O Desafio de Roberto Cidade

​O novo governador assume com a missão de provar, em tempo recorde, que o “municipalismo” não é apenas uma bandeira de campanha, mas uma prática de gestão. A manutenção de obras em vicinais, o envio de insumos para a saúde e o apoio ao setor primário serão os termômetros de sua aceitação nas comunidades ribeirinhas e sedes municipais.

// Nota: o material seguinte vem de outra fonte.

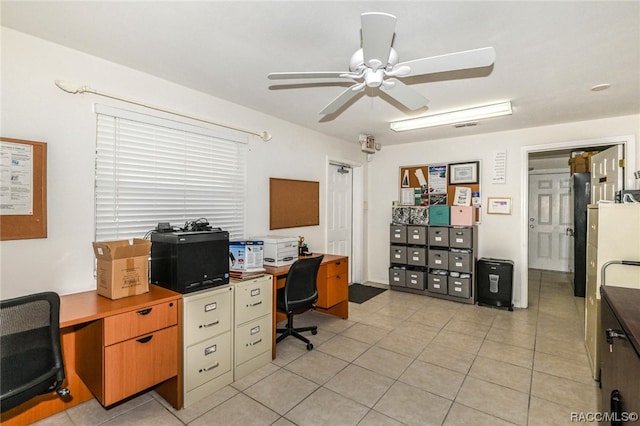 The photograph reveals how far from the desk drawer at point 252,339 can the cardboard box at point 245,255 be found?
505 millimetres

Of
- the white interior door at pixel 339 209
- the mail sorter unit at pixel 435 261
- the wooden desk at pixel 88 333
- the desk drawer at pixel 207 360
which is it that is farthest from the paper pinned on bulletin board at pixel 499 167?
the wooden desk at pixel 88 333

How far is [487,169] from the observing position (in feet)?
14.8

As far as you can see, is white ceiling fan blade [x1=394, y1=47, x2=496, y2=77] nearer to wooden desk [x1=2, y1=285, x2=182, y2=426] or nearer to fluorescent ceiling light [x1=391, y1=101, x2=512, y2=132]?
fluorescent ceiling light [x1=391, y1=101, x2=512, y2=132]

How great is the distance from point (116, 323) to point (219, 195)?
1.61 m

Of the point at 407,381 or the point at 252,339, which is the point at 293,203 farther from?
the point at 407,381

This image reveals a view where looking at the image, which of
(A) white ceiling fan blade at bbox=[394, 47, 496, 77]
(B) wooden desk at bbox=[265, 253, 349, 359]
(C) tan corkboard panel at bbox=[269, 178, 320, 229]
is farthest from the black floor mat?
(A) white ceiling fan blade at bbox=[394, 47, 496, 77]

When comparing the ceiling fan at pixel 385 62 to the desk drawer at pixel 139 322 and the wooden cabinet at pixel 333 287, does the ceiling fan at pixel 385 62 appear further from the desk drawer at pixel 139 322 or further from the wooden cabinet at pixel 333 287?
the wooden cabinet at pixel 333 287

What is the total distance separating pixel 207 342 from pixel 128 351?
21.4 inches

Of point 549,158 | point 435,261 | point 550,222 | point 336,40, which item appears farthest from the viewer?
point 550,222

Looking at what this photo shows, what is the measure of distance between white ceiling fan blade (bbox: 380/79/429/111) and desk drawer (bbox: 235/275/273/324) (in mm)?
1862

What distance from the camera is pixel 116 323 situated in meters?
1.84

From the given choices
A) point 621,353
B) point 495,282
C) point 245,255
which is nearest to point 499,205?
point 495,282

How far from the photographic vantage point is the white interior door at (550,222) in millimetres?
6465

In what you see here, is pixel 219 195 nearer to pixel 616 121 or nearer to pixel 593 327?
pixel 593 327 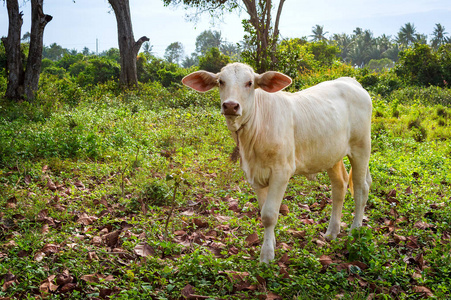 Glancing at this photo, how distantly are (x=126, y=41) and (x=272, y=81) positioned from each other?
15.4 meters

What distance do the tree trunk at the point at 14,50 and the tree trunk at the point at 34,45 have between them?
9.1 inches

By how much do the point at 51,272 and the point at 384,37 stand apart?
9907 centimetres

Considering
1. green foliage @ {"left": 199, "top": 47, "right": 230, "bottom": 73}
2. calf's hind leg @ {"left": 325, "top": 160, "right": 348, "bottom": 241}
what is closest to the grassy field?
calf's hind leg @ {"left": 325, "top": 160, "right": 348, "bottom": 241}

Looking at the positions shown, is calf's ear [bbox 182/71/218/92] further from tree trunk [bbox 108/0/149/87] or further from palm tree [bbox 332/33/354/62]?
palm tree [bbox 332/33/354/62]

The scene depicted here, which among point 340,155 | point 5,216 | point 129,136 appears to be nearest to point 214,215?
point 340,155

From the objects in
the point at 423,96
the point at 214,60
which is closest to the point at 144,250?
the point at 423,96

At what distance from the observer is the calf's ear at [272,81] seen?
12.4ft

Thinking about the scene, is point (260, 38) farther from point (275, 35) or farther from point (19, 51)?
point (19, 51)

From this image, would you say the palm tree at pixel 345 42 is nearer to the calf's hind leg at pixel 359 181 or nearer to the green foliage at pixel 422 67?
the green foliage at pixel 422 67

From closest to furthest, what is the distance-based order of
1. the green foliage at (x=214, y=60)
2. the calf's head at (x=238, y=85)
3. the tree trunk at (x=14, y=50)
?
the calf's head at (x=238, y=85), the tree trunk at (x=14, y=50), the green foliage at (x=214, y=60)

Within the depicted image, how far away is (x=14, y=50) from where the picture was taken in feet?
38.0

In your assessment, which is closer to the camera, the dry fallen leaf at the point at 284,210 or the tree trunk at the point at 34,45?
the dry fallen leaf at the point at 284,210

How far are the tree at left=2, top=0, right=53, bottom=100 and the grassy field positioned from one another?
3581mm

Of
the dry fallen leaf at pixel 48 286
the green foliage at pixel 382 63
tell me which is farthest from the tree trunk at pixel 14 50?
the green foliage at pixel 382 63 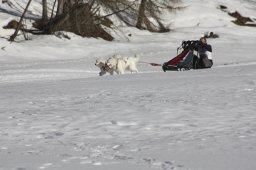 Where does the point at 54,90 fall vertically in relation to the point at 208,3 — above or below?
below

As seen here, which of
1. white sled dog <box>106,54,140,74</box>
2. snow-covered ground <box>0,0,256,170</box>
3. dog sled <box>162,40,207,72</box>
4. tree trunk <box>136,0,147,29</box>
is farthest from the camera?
tree trunk <box>136,0,147,29</box>

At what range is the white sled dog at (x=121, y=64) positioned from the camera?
1467cm

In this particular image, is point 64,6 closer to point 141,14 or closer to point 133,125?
point 141,14

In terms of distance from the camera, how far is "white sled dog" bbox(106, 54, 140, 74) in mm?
14673

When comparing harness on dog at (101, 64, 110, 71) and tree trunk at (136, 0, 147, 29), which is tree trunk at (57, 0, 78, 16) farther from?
harness on dog at (101, 64, 110, 71)

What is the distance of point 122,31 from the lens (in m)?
30.1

​Para o interior, a chegada de Cidade representa:

  • Agilidade em Convênios: O fim da dicotomia entre o que a Assembleia aprovava e o que o Governo executava.
  • Redefinição de Alianças: Prefeitos que estavam sob a influência de figuras tradicionais, como o senador Omar Aziz, agora veem em Cidade uma renovação com poder de entrega imediata.
  • Segurança Institucional: A transição direta evita o vácuo de poder que costuma paralisar repasses para as prefeituras em anos eleitorais.

A Conclusão das Urnas

​A oposição na capital pode até tentar nacionalizar o debate ou focar em críticas de gabinete, mas a realidade do “Amazonas profundo” é outra. Lá, o voto é conquistado com presença e serviço feito. Roberto Cidade herdou não apenas um cargo, mas a oportunidade de consolidar um cinturão de apoio municipalista sem precedentes.

​O recado das prefeituras é claro: o jogo mudou, o comando é novo e o foco agora é quem garante o desenvolvimento na ponta. O interior, mais uma vez, será o juiz desta disputa. E, por enquanto, o apito está nas mãos de quem detém a caneta no Palácio Rio Negro.